ESRs thereby provide parameter-free, model-independent benchmarks for the total strength and average energy of transition distributions and serve as a crucial test of many-body computational approximations against configuration-interaction (FCI) benchmarks (Johnson et al., 2020).

Hierarchy sum rules for oscillator strengths—spanning discrete and continuum spectra—unify the Thomas-Reiche-Kuhn rule, generalized Kramers relations, and the virial theorem under a common ESR umbrella, and are validated by extensive numerical calculation (Sukumar, 2018).

5. ESRs in Response Theory and Field Theory

Sum rules for response functions extend ESR concepts to linear and nonlinear response in condensed matter and quantum field theory:

• Linear response sum rules (e.g., $f$-sum rule for conductivity) relate frequency moments of spectral densities to ground-state commutators.

• For second-order response functions, ESRs are derived from a generalized Kubo formula recast in terms of a double spectral density:

  $$\chi^{(2)}_{AB}(\omega_1,\omega_2) = \frac{1}{\pi^2} \int d\alpha\,d\beta\ \frac{\chi^{(2)\prime\prime}_{AB}(\alpha,\beta)}{(\alpha-\omega_{12}^+)(\beta-\omega_2^+)}$$

  • Moments of $\chi^{(2)\prime\prime}_{AB}(\alpha,\beta)$, via integration by parts, are shown to correspond exactly to ground-state equal-time commutators or derivatives (Bradlyn et al., 24 Apr 2024).
  • In solids, the generalized $f$-sum rules for nonlinear optical response can be cast directly in terms of matrix elements of the Bloch Hamiltonian, clarifying the link with quantum geometry and topology.
  • For nonlinear rectification and second-harmonic generation, large-frequency decay is fully determined by these ESRs.

In QCD and finite-temperature field theory, ESRs are integral constraints that relate operator-product expansion (OPE) coefficients (condensates), hydrodynamic parameters (transport coefficients), and moments over the finite-temperature subtracted spectral density: $$(2/\pi) \int_0^\infty \frac{d\omega}{\omega} \delta\rho(\omega) = \mathcal{F}(\langle\text{condensates}\rangle, \text{transport coeffs})$$ These ESRs play a foundational role in constraining lattice spectral reconstructions and extracting quantities such as electrical conductivity, diffusion constants, and relaxation times, without reliance on spectral model assumptions (Gubler et al., 2016, Gubler et al., 2017, Gubler et al., 2018).

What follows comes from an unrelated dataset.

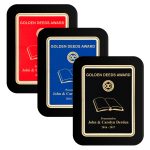 Black Aero Edge Plaque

6. Algebraic Structures, Symmetries, and Selection Rules

Underlying many ESRs are hidden symmetry structures (e.g., cyclic, fusion, or rotational symmetries). The ODE/IM correspondence clarifies that:

• Fusion relations among Stokes multipliers (quantization functions) correspond algebraically to recurrence ESRs among SZFs (Kamata, 8 Aug 2025).
• ESRs and ZGFs (mapping SZF sets between sectors) are governed by selection rules; only certain orders $s$ yield independent constraints, depending on cyclic subgroup structure (e.g., $\mathbb{Z}_{2M+2}$) determined by the complex-rotational Symanzik symmetry and Chebyshev polynomial realization in the analytic continuation of solutions.
• The mapping between constant parts of Stokes multipliers and Chebyshev polynomials ensures exact factorization properties and classification of ESRs via group-theory.

These symmetries not only generate the ESRs but also ensure invertibility of ZGFs in admissible sectors and determine the dimensionality of independent SZFs at a given order.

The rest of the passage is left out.